How antibody diversity occurred.
How different gene segment for different antibody chains are arranged.
Antigen specific antibody is produced by each type of B lymphocyte cells. It is believed that human genome contains only around 15000 to 20000 genes, than how the diversity for different antibody gene segment is originated? Some of the proposed mechanism for antibody diversity are described here:
- V-(D)-J joining
- Junctional flexibility
- P and N nucleotide addition
- Somatic hyper mutation (SHM)
- Clonal selection
- Allelic exclusion
Different types of VH and VL chain regions are generated during the maturation of B cells. Here different combination of V-(D)-J and V-J polypeptide chains along with C region are arranged differently to form different gene segments. The process is called as site specific recombination.

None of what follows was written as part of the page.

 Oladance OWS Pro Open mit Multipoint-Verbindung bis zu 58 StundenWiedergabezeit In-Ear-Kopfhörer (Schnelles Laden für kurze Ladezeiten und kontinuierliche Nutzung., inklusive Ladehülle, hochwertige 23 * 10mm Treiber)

From the latest discovery, it is conformed that rearrangement of V-J, V-D and D-J gene segments are clustered differently on different chromosomes but the joining sequences present between each of the segments gives signal for rearrangements, this sequences are termed as signal sequences. Each signal sequences are found near each segment (for example, V gene signal sequence near V gene segment).
The heptamers and nonamer sequences are controls the signal sequences of V-J, V-D and D-J gene segments. This heptamers and nonamers have capacity to form hairpin like structure which brings distal gene segments nearer and helps joining them.
Here V-(D)-J recombinase enzyme complex regulates the process of recombination in somatic cells. This enzyme is encoded by the RAG1 and RAG2 gene family. In site specific recombination, junctional diversification plays essential role for providing diversity to different gene segments.
Random nucleotides are added or deleted from the gene segments which provides diversity to antibody and are called as junctional diversification.
After the completion of recombination, the joining of recombined segments are also influenced by some of the spacer sequences. Near the signal sequences of both the segments, one segment contain 12 nucleotide long spacer sequence and other segment contain 22 base pair long spacer sequences which helps in joining gene segments.
Remember, without the spacer sequences on both the segments, recombinated segments can never be joined.
After the completion of recombination, the newly created segment is joined with constant region, and under go transcription. The mature mRNA forms the specific type of antibody polypeptides for specific antigen.
Considering the environmental effects and other adverse conditions, pathogens are continuously alters their genetic composition to survive. For providing protection agains newly emerged pathogenic strains, SHM (somatic hypermutation) allows rapid changes in our genome with higher rate of mutation, and it creates new genetic combination for antibody coding genes which protect us against new strains of pathogen.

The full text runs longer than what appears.